Pero también, la familia como entidad superior de la sociedad, los lazos afectivos, la fragilidad emocional y física del ser humano y, sobre todo, la muerte. La muerte desde el sentido de aproximación al final, de la pérdida, del duelo que nunca es suficiente, de la transformación, la desmaterialización de los componentes y la filosofía del mítico punto después de la vida. Conceptualización que ya se hace recurrente en su filmografía, junto a la capacidad de generar extrañeza y misterio en las locaciones simples o comunes.
Sin embargo, en su tesis (la del director en este largo) prepondera la narración por medio de una sucesión de acontecimientos. Una carrera de uno detrás del otro. Uno extrae los aspectos morales y afectivos de la misma superficialidad que estos sucesos históricos trazados en la imagen permiten. Mediante el conocimiento y la experiencia, digamos. Se ve una acción detrás de otra, no da “tiempo” a más nada, - a fin con la película. El espectador queda captado con lo sucedido, pero no existe una profundidad de los personajes, un desarrollo personal e íntimo de sus caracteres protagónicos. Creo observar una carencia, sin demandar más allá de un filme con todos los aspectos comerciales que la industria determina. Mas, la costumbre se impone cuando de Shyamalan se habla. Uno espera más.
La existencialidad individual dentro de la comunidad, que, por supuesto, tiene un carácter netamente colectivo y equitativo, suponemos. Y la poderosa fuerza que implica la muerte como ente en nuestras vidas. Obviando al tiempo como fuente dadora de energía y destrucción. Pero para esto no se pide un alegato con tintes recios del cine de Tarkovski (Zérkalo, Nostalguíya, Offret) – se dice que no pertenecen al mismo género dentro de la ficción -, solo se pide el “desarrollo semi - perfecto”. El desarrollo semi - perfecto que se plasma cuando cada pieza va en su lugar y defiende correctamente la esfera que le corresponde, sea técnico, argumental o histriónico. La mera vena de la intensidad y la intencionalidad.

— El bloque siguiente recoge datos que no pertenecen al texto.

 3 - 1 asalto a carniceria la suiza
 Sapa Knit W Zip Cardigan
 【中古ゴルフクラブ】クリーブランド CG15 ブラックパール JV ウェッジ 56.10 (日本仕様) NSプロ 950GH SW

Aunque, saldando esa falta que aqueja a este cinéfilo y viendo la cinta en dicha profundidad, tenemos una existencia individual superpuesta por el concepto de familia en pos de la mantención del bienestar y las ansias de sobrevivir a la situación, unidos, por encima de cualquier concepto, incluso hasta del bien común. Esto fue manejado excepcionalmente, dejando la sensación encarnada en la imagen que recorre desde el conflicto, la superación hasta la tranquilidad. A diferencia del concepto amor, que es tratado con mano suave tal cual cosa delicada y sin querer herir. Recordado cuando se ve todo perdido, o cuando ya la mente “no anda bien” y no tiene otra alternativa que volver a donde empezamos, a aquel viejo amor que está ahí y nunca se ha ido. ¿Ya no es el amor lo más importante de este mundo? Amor: preocupación y comodidad. No sé si este largometraje tiene mucho de realidad o todo es una sencilla fantasía.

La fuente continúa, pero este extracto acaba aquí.